*INFORMATION*:
★ ★ ★ ★

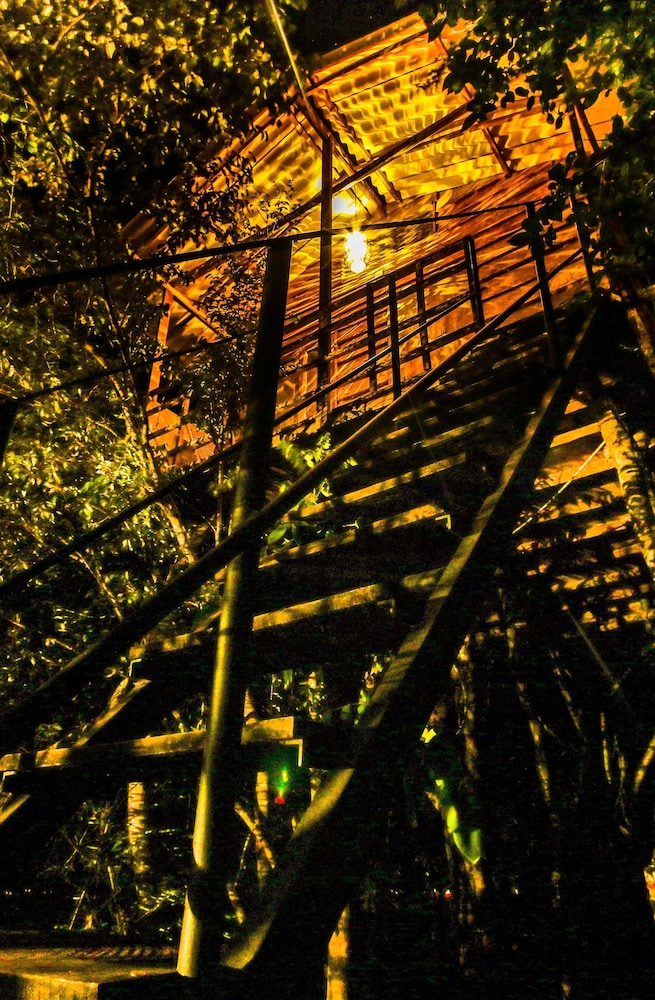 Standard Tree House photo 2
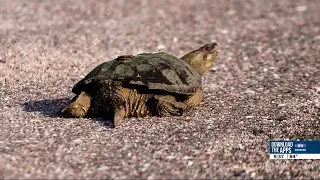 Animal crossings and efforts to report, reduce collisions between cars, animals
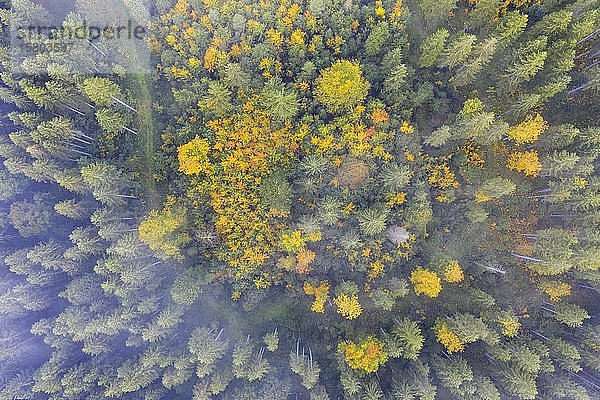 Herbstlicher Mischwald mit Nebelschwaden von oben  bei Krün  Drohnenaufnahme  Oberbayern  Bayern  Deutschland  Europa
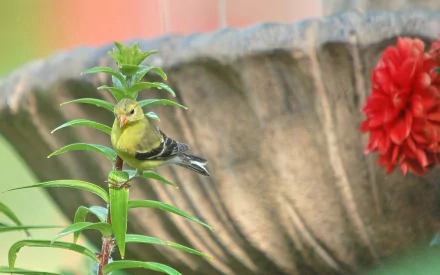  Moril-pose sur une tige de lys
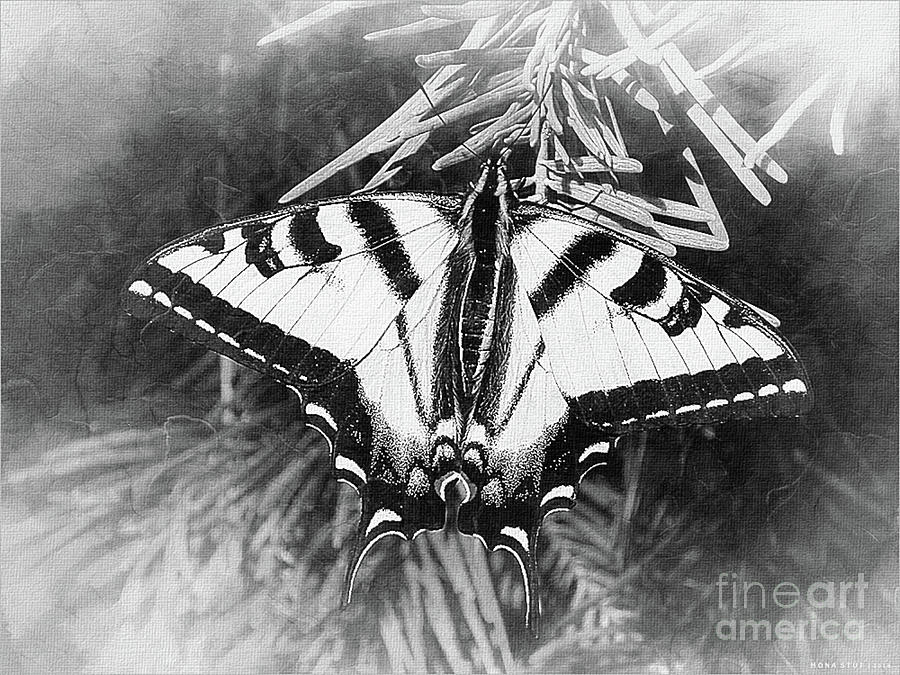 Tiger Swallow Tail Papilio Natural Habitat Bw Digital Art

★ ★ ★ ★

No picture is to be included when the lines from the one containing "Moril-pose sur une tige de lys" through the end of the material above are output exactly; nothing else is written.

  Moril-pose sur une tige de lys
 Tiger Swallow Tail Papilio Natural Habitat Bw Digital Art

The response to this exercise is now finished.